Exalate incident

Some Exalate nodes unavailable

Major Resolved View vendor source →

Exalate experienced a major incident on September 24, 2025 affecting Exalate Console and Synchronisation node and 1 more component, lasting 1d 3h. The incident has been resolved; the full update timeline is below.

Started
Sep 24, 2025, 10:56 AM UTC
Resolved
Sep 25, 2025, 02:21 PM UTC
Duration
1d 3h
Detected by Pingoru
Sep 24, 2025, 10:56 AM UTC

Affected components

Exalate ConsoleSynchronisation nodeExalate for Azure DevOpsExalate for ServiceNow in Exalate CloudExalate for GitHubExalate for SalesForceFreshdeskFreshservice

Update timeline

  1. investigating Sep 24, 2025, 10:56 AM UTC

    There is an outage on one of the clusters in Exalate cloud that might affect access to the nodes temporarily. We are currently investigating the issue to ensure that service is restored as soon as possible.

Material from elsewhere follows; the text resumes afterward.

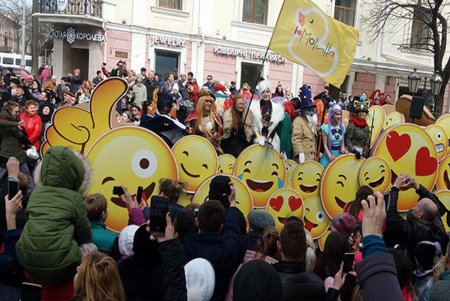 Одесса зажигает: центр города заполонили клоуны и супергерои (фото)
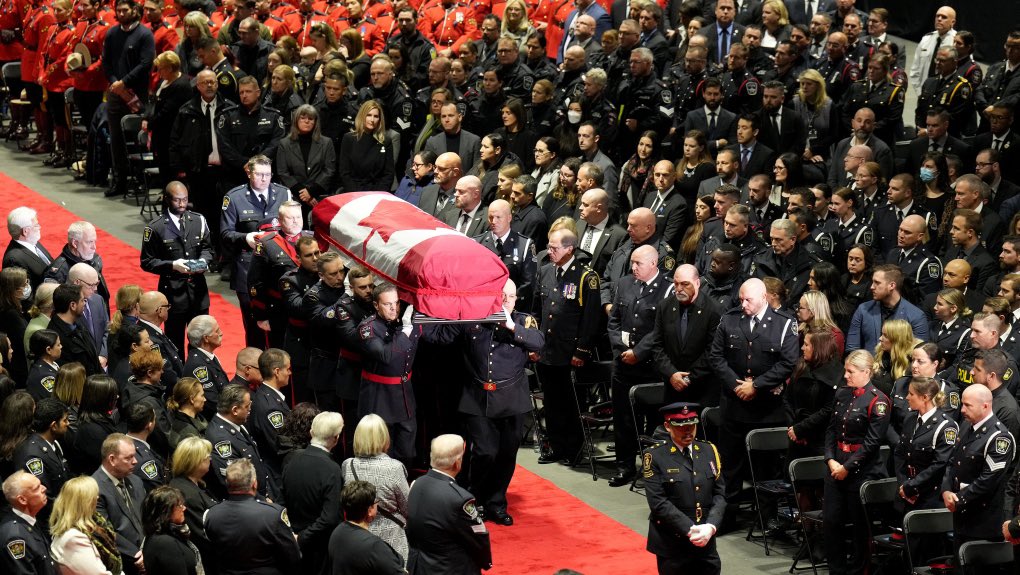Was an honour to attend the funeral for PC Morgan Russell &amp; PC Devon Northrup of the <a href="/SouthSimcoePS/">South Simcoe Police</a>, w/ <a href="/TPAca/">Toronto Police Association</a> Board,<a href="/TPSJulie/">Julie Campbell</a>, &amp; thousands members from across Canada.
TY to <a href="/TorontoPolice/">Toronto Police</a> members who attended the service &amp; who provided op. support.

#HeroesInLife #EnoughIsEnough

  2. identified Sep 24, 2025, 11:18 AM UTC

    We have root caused the issue and the restoration process is underway already. The next update will be provided in 30mins.

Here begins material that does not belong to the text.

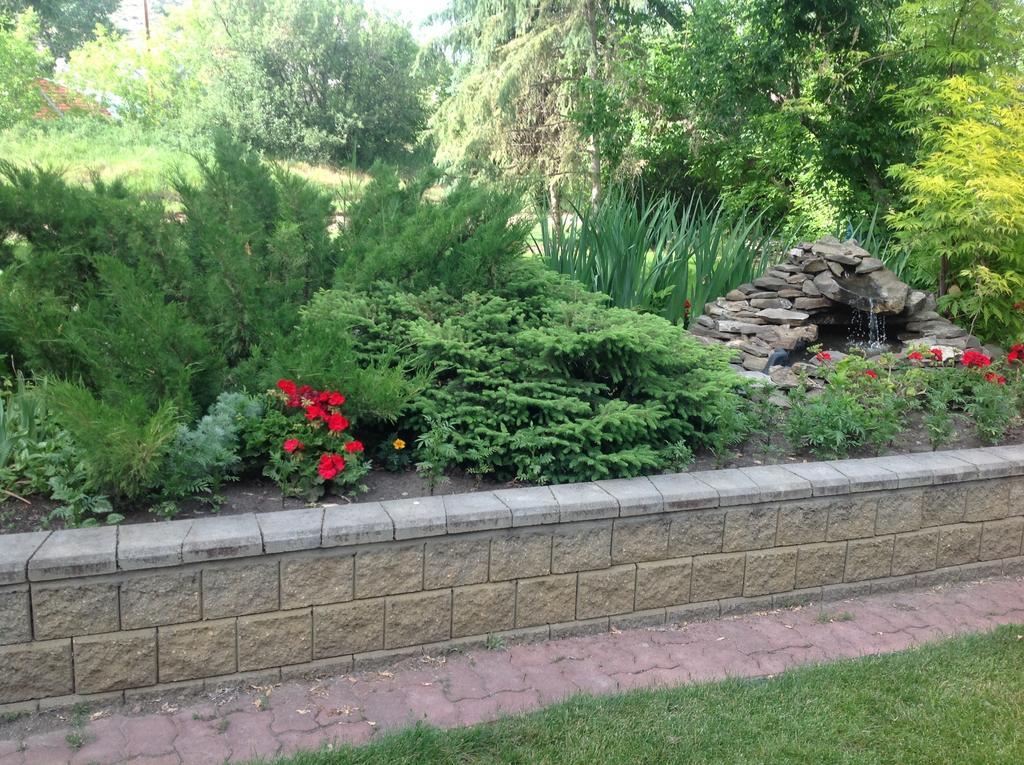 Mcdougall Lane Bed & Breakfast Drumheller Esterno foto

  3. identified Sep 24, 2025, 11:47 AM UTC

    The recovery process is still ongoing. We will provide an update within an hour.

  4. monitoring Sep 24, 2025, 01:00 PM UTC

    All nodes are fully recovered. We continue to closely monitor the situation.

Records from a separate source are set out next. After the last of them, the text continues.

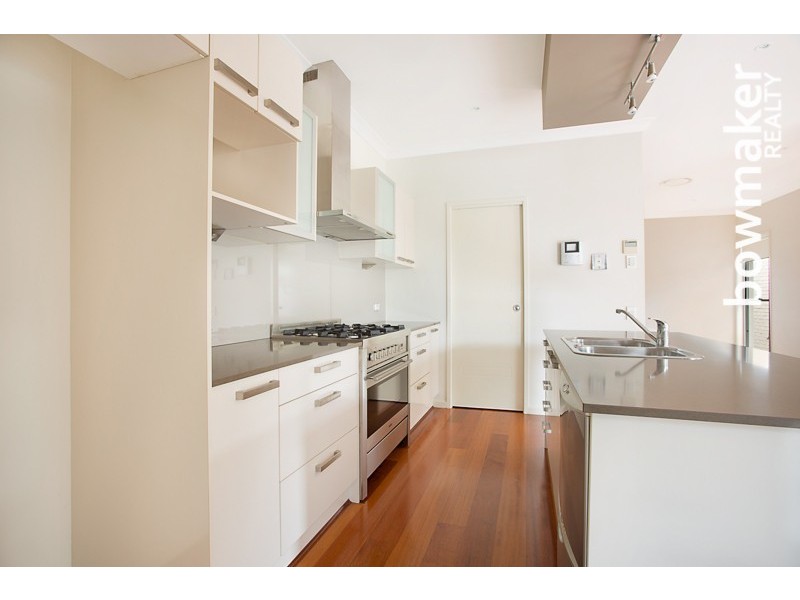 15 Kowari Crescent, North Lakes QLD 4509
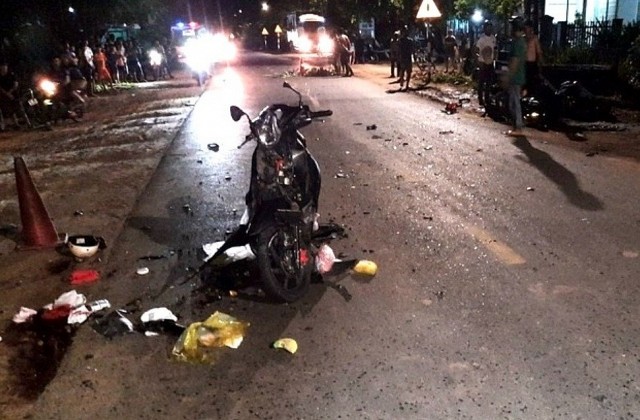 Gia Lai: Sau cú va chạm mạnh giữa 2 xe máy, 4 người thương vong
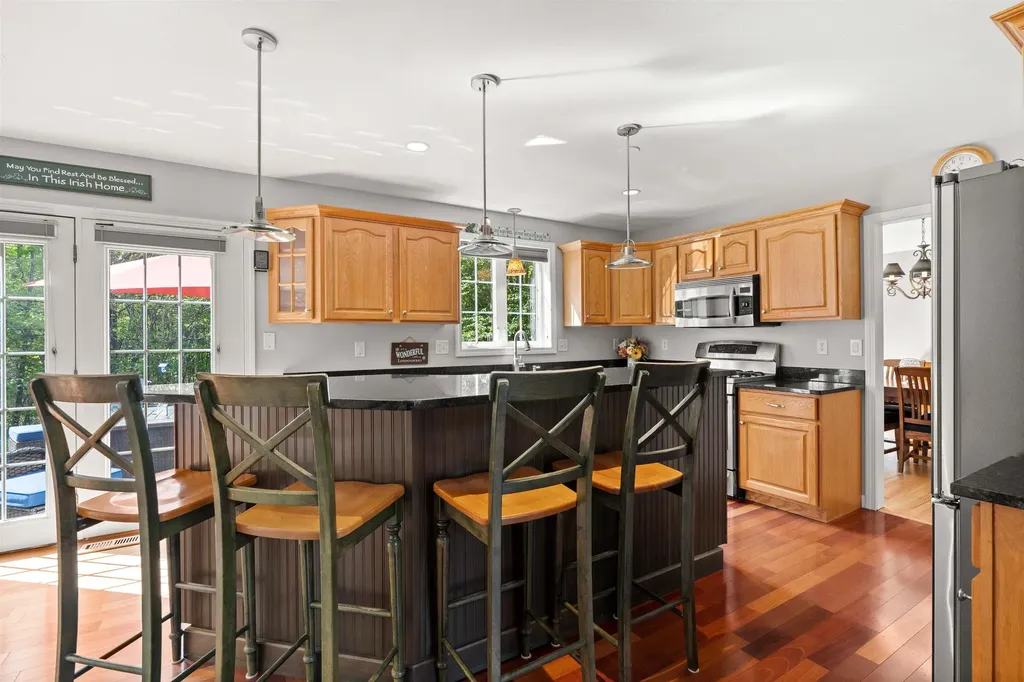 25 Chandler Drive Londonderry NH 03053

  5. identified Sep 24, 2025, 02:50 PM UTC

    Our monitoring uncovered a problem still lingering with the cluster. We are working to restore full functionality as soon as possible.

  6. identified Sep 24, 2025, 04:56 PM UTC

    Node recovery has presented some challenges and is taking longer than expected. We continue to strive to bring all nodes back online as soon as possible. Next update will be provided within 2 hours.

  7. identified Sep 24, 2025, 06:47 PM UTC

    Infrastructure component failures have been addressed by our Engineering team. Next step: We are restarting the individual Exalate nodes impacted by the failure. More information will be provided in an hour.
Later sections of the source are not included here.